Docker containers in different subnets, other than 172.20.0.0/24 can’t get access to this DNS using 172.20.0.5 IP for obvious docker reasons.
Idea of using docker Host IP 192.168.0.5 seems to be wise, but it gets DNAT to 172.20.0.5 and reply comes back, without reverting the NAT back to container in i.e. 172.17.0.10/24 and is dropped as has wrong source IP.

For me this is not a feature but a bug, as packet should go through network stack and following typical Linux/iptables get back the original destination IP (192.168.0.5) set as source.

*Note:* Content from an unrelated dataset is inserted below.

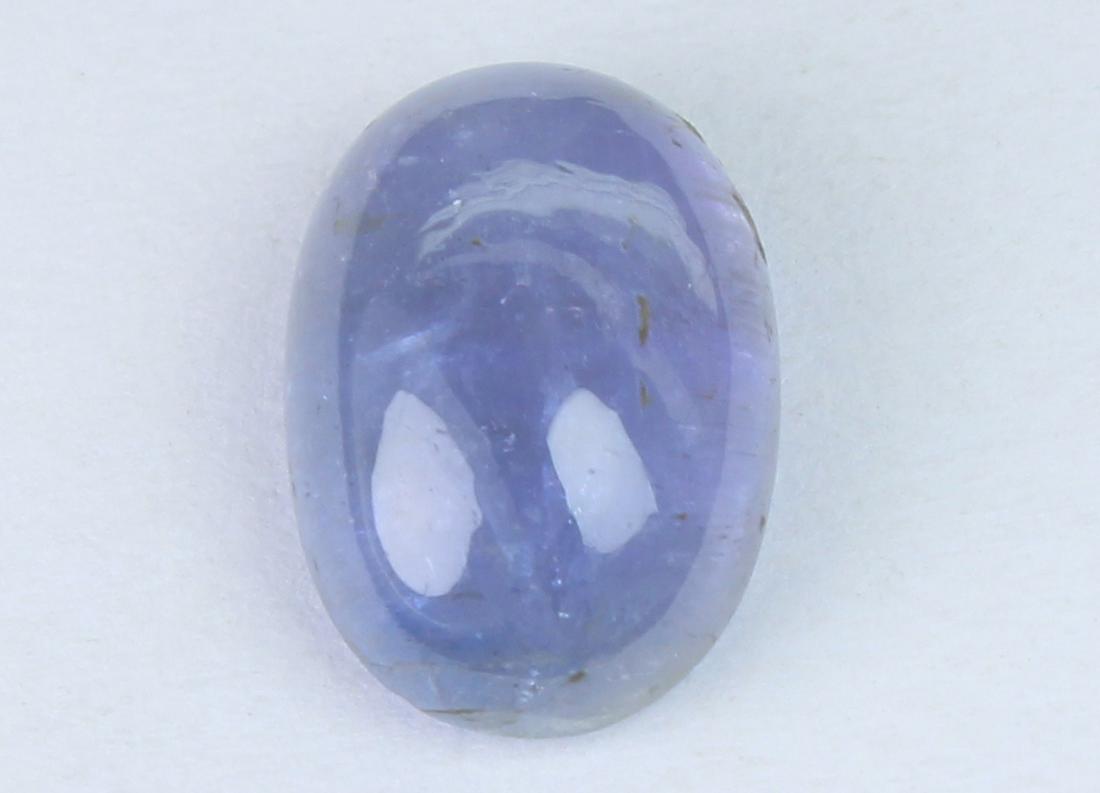 2.89 Cts Natural Tanzanite: No Reserve! Gemstone : Natural Tanzanite Shape and cut : OvalCabochon Weight : 2.89 Carats Measurements : 10x7 mm Color : Violetish Blue Transprancy : Transparent Treatment : No Treatment Origin : Ind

Workaround could be a manual iptables rule, masking any traffic from any containers when going to the DNS IP (either docker host IP or internal docker container, but then forwarding rule would be required too).

What are your odds on it?

Thanks!

I assume you are aware that by default the to hosts /etc/resolve.conf is injected into the containers, and whatever dns servers are listed there are available within your containers?

Though, you can influence the dns setting from the cli ( --dns=192.168.0.5) or in a docker-compose.yml ( dns: 192.168.0.5).

Yup, that I’ve tried, same as other workarounds.
Problem is how networking is handled for containers reaching out to docker host IP.
Don’t have real tcpdump at hand but it was more or less like.

172.17.0.10 -> 192.168.0.5:53 # this is client container in different subnet reaching out to docker host IP with DNS query
172.17.0.5 -> 172.20.0.5:53 # same packet after DNAT as per the fact that :53 from 172.20.0.5 is exposed on host 192.168.0.5:53
172.20.0.5:53 -> 172.17.0.10 # reply with DNS response - note it uses original src IP as DST and it’s own IP (ok)
172.20.0.5:53 -> 172.17.0.10 # this is after it passed docker host iptables. It went thorough as Connection Established/related from iptables point of view, but somehow skipped the NAT table.

This packet is being dropped by nslookup library on querying host as response comes from unexpected IP.

Workaround I’ve found is to set the DNS on docker host to 127.0.0.1 and then different set of iptables rules is being applied at host level.
Same behavior should be implemented for host IP related traffic or to be able to control it somehow.